When President Donald Trump promised Iranian protesters that “help is on its way,” he probably didn’t anticipate how those words would trap him. Human rights groups are estimating the number of Iranian protesters killed as ranging from “more than 2,600 people” to “more than 3,400 people” and CBS News is reporting the death toll as “at least 12,000, and possibly as many as 20,000 people.” Trump faces a choice that may define his second term: strike Iran militarily, pursue a hasty nuclear deal, or watch as the regime he threatened to overthrow stabilizes itself through mass violence.

The cold arithmetic of politics suggests none of these options end well. The real cost may be measured in something less tangible: the credibility of American promises to people who risk everything. We may never know whether Trump’s words emboldened these particular protesters but dissidents who rise up in the next upheaval—whether in Iran or elsewhere—will remember that as makeshift morgues were overflowing in Iran, the American assistance that had been promised did not arrive.

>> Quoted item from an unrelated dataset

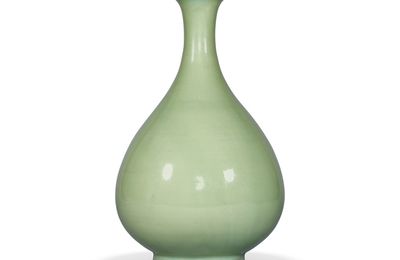 An exceptional Longquan celadon pear-shaped vase, yuhuchunping, Ming dynasty, 14th-15th century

And the world is watching.

From my years covering the aftermath of America’s Iraq intervention, I have learned that the space between bold declarations and workable strategy is often filled with the lives of people we claim to want to save. Trump’s rhetoric has raised expectations while simultaneously narrowing his own room for maneuver. The regime in Tehran, meanwhile, has called his bluff by doing exactly what he warned them not to do—and doing it with staggering brutality.